A Nicaraguan drug transport gang, the Reñazco family is believed to move cocaine shipments along Nicaragua’s Caribbean coast and provide other services to international trafficking groups, such as refueling the go-fast boats that move drug shipments northwards.
Total membership unknown
Miguel Angel Reñazco Padilla
The Reñazcos first came into the public eye when the group was linked to a massacre of four police officers in Bluefields in May 2004. The family was accused of hiring six assassins, including a Colombian and several former police officers, to kill law enforcement agents Juan Jose Funez, Ruth Gonzalez, Roger Ernesto Villachica and Johnny Dometz. The slain police were mostly likely seen as hindering drug shipments along the Caribbean coast. The Reñazcos have denied these accusations.
The head of the family is Miguel Angel Reñazco Padilla, imprisoned on drug trafficking charges until June 2, 2004, when he was apparently released for good behavior.
Authorities in Costa Rica arrested him in the province of Limon in July 2013, for allegedly participating in the police massacre, and extradited him to Nicaragua in April 2014. In June, Reñazco was found guilty for the murders in Nicaragua.
Other members of the family include Marcos Reñazco Padilla, José Ángel Padilla and Carlos Alberto Padilla Reñazco, who were captured in 2005 for smuggling drugs along the Rio San Juan, and who were wanted on charges of plotting the police massacre in Bluefields.
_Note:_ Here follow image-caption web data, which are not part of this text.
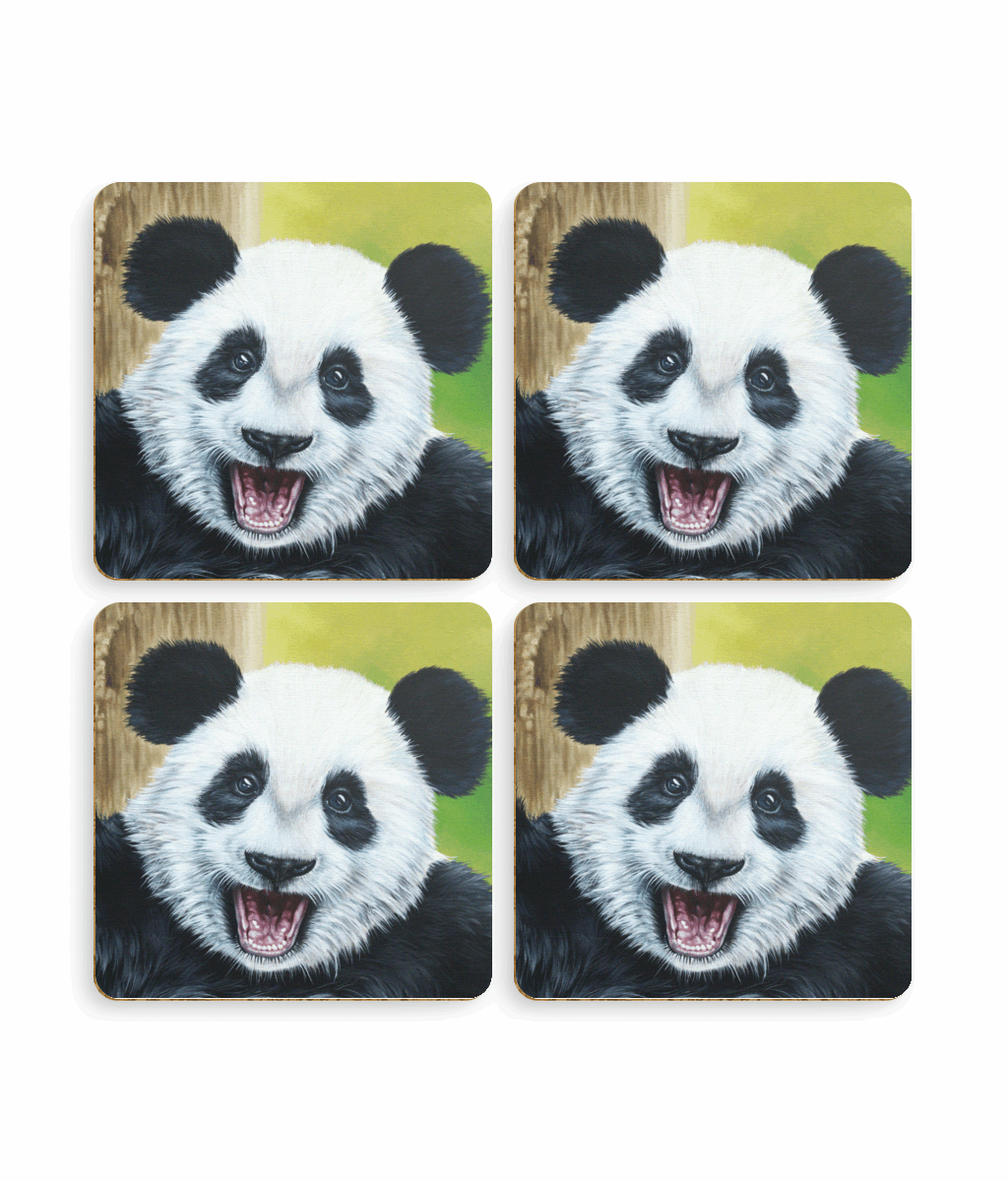 panda beer mats coaters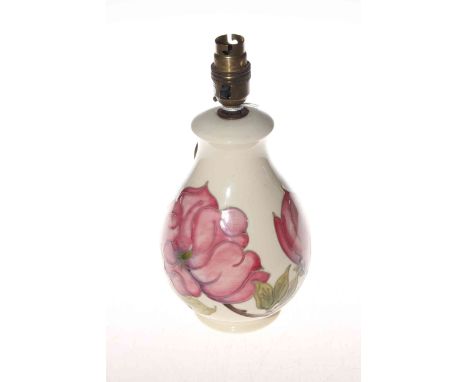 Moorcroft table lamp, Magnolia pattern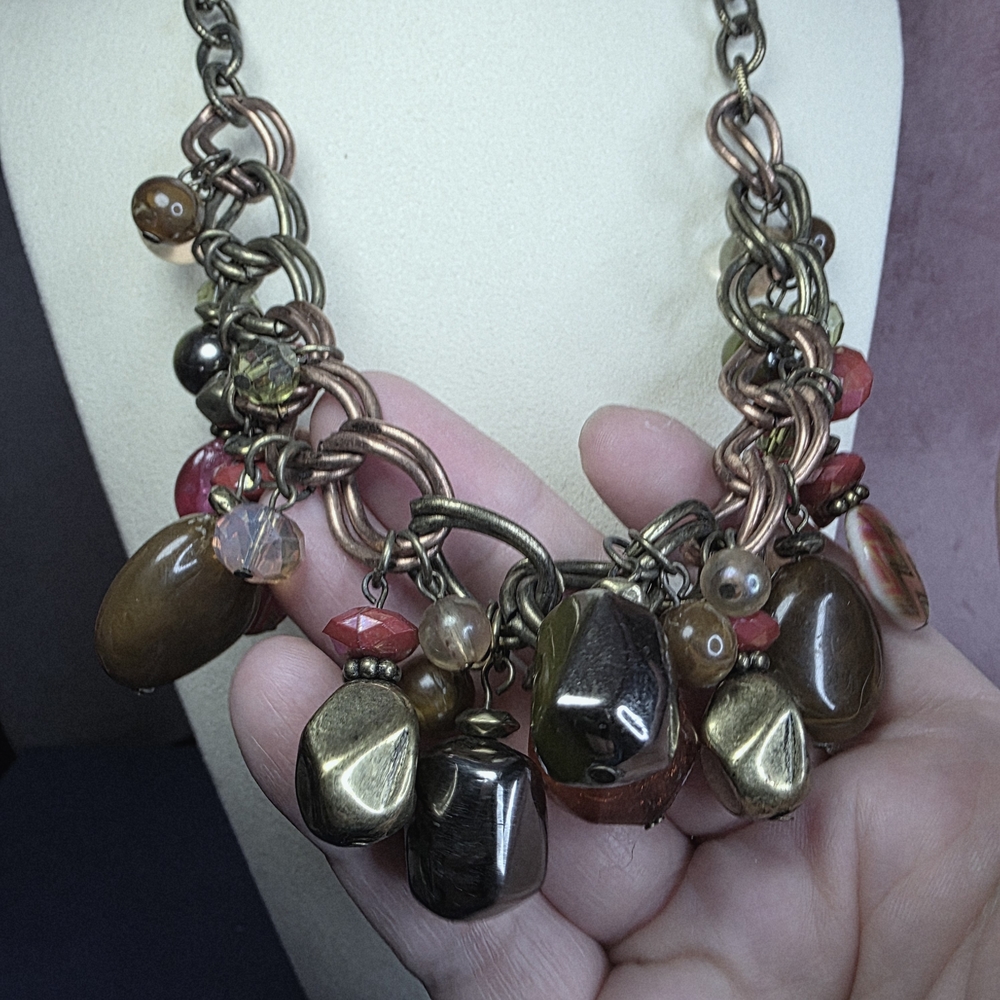 Ruby Rd Natural Stone Statement Necklace Set 3 Pc… - image 5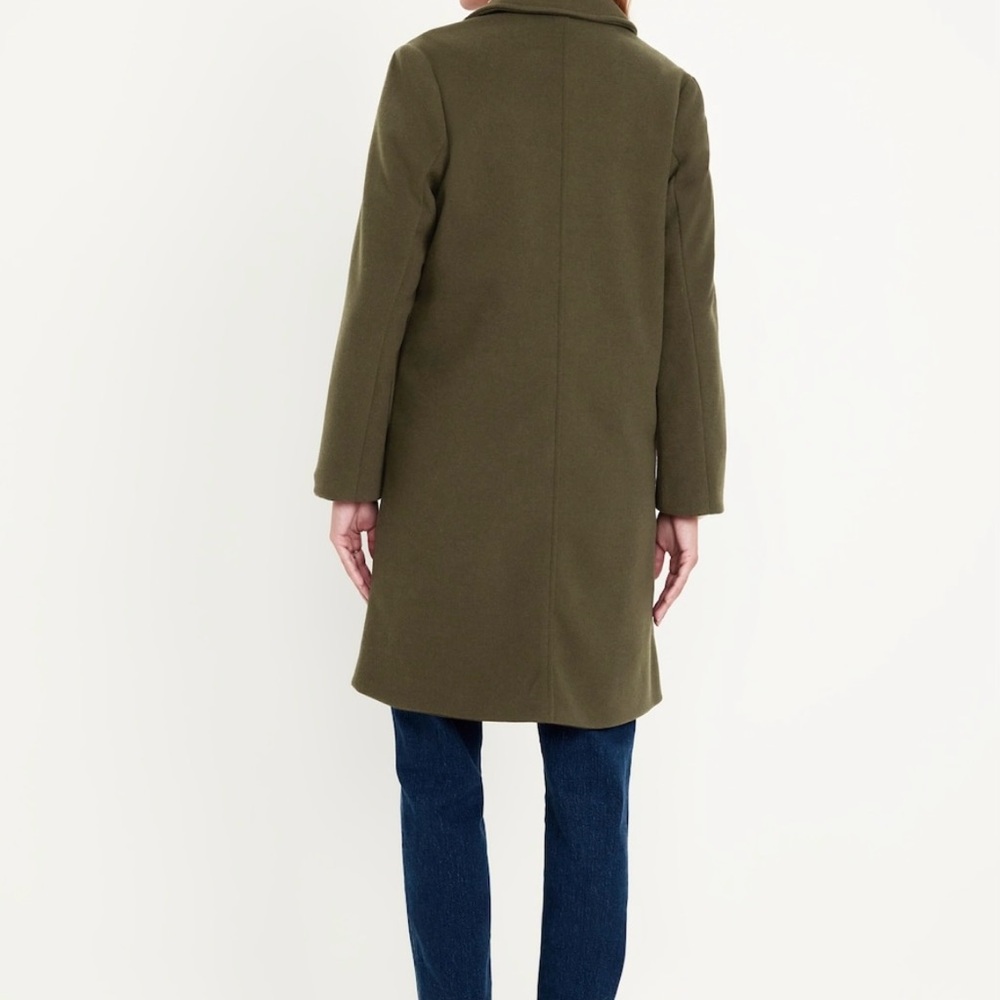 PRICE DROP❗️Flattering Olive Green Women's Coat 4X NWT - Picture 2 of 5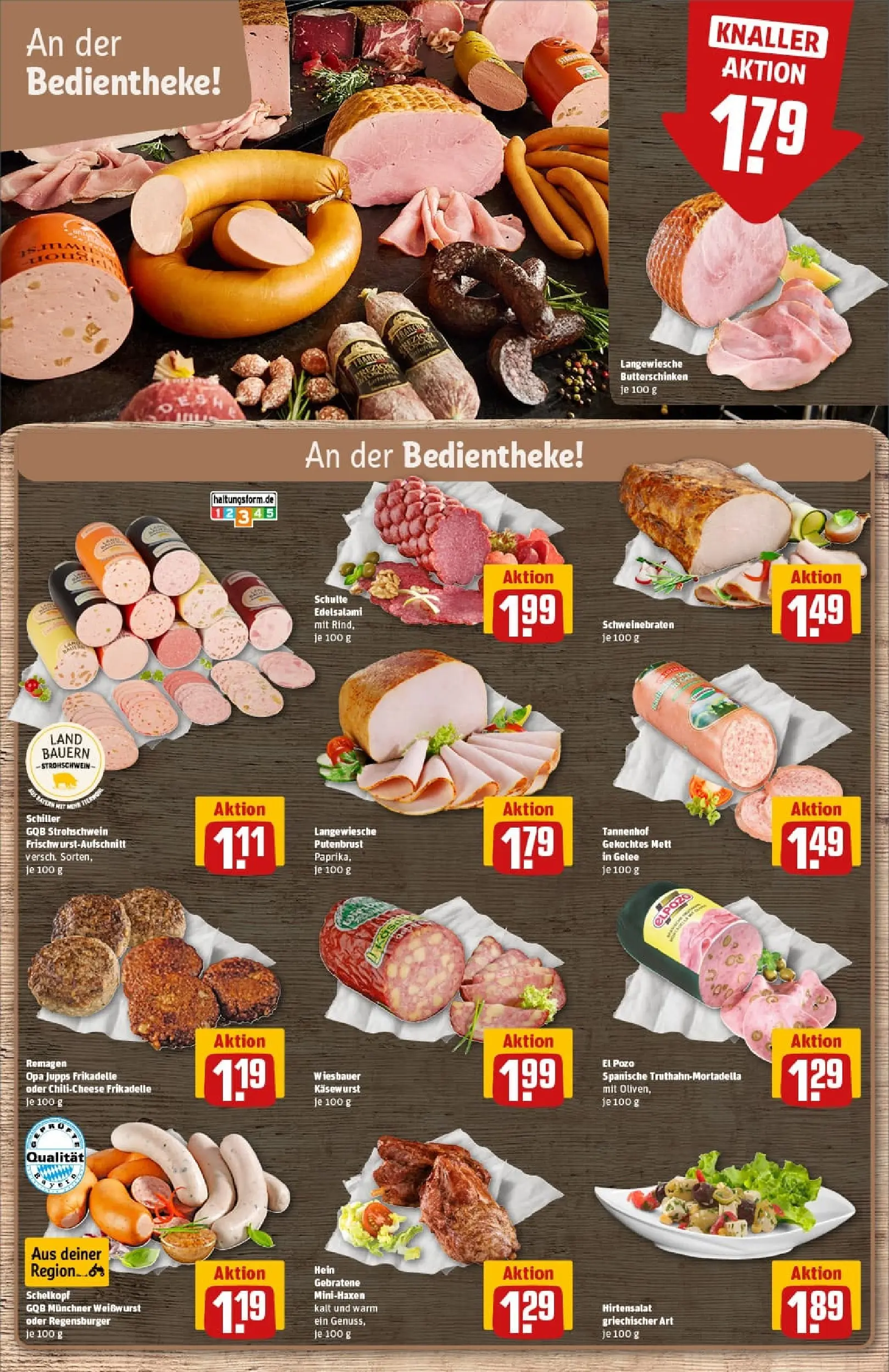 REWE Prospekt ab 19.10.2025 zum Blättern » Angebote | Seite: 14 | Produkte: Weißwurst, Paprika, Salami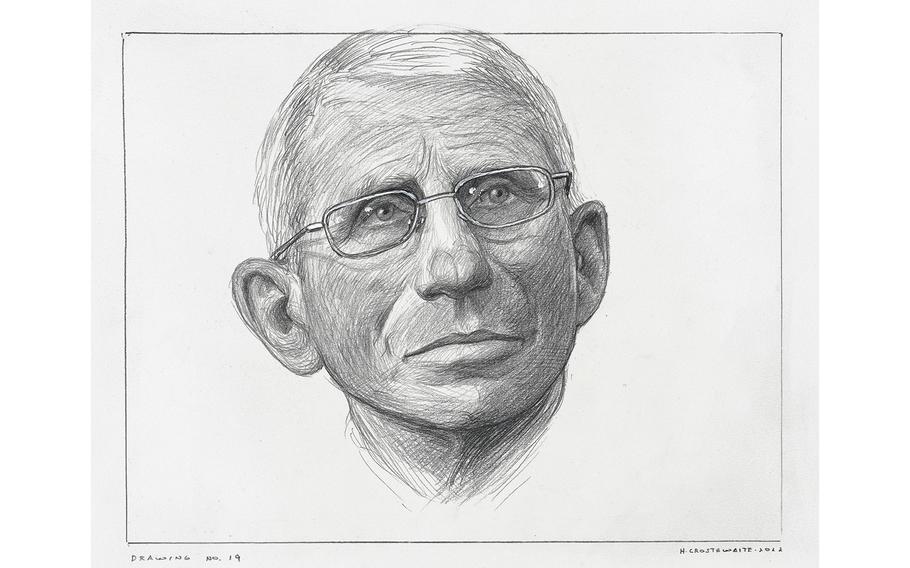 Artist Hugo Crosthwaite created a five-minute stop-motion drawing animation featuring Anthony S. Fauci. It will be shown in D.C.’s National Portrait Gallery. 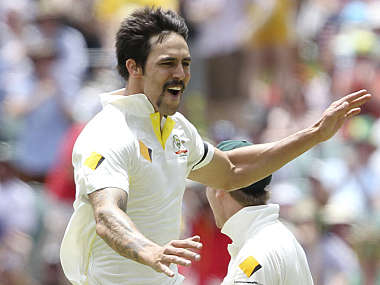 Second Ashes Test: Wrecking ball Johnson takes seven to scar England Second Ashes Test: Wrecking ball Johnson takes seven to scar England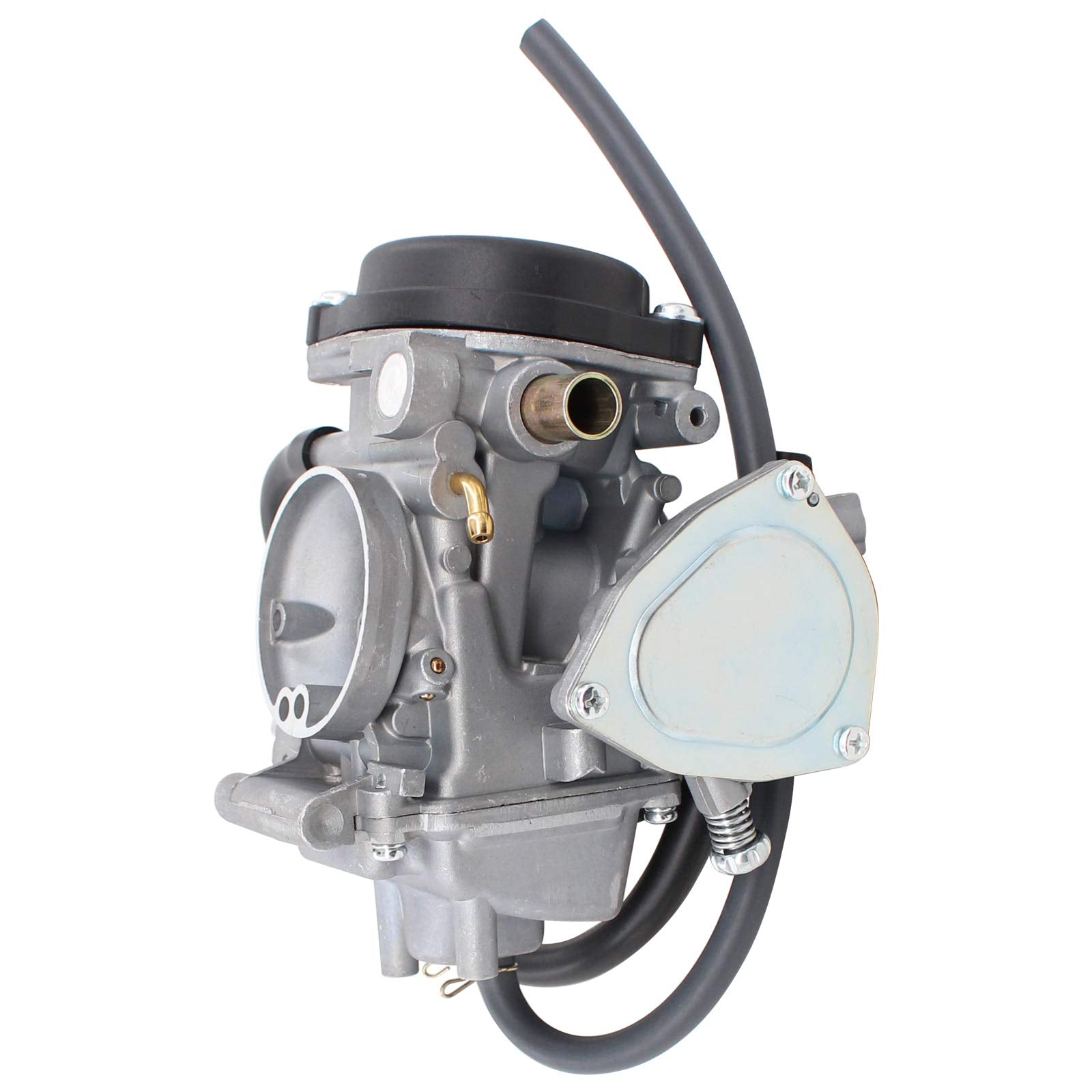 MOTOKU carburetor side showing linkage and connections for easy installation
In 2008, the three detainees were absolved and set free.
Based primarily in Nicaragua's South Atlantic Autonomous Region (RAAS), the Reñazco family is active in the department’s capital, Bluefields, as well as San Juan del Norte in the Rio San Juan department.
Allies and enemies
As a drug transport gang, the Reñazcos move drugs through Nicaragua primarily to sell to Mexican organizations like the Sinaloa Cartel and the Zetas.
The capture of Miguel Reñazco could represent a significant blow to the organization, but since the family manages to stay out of the local press, little is known about whether his arrest has impacted their operations.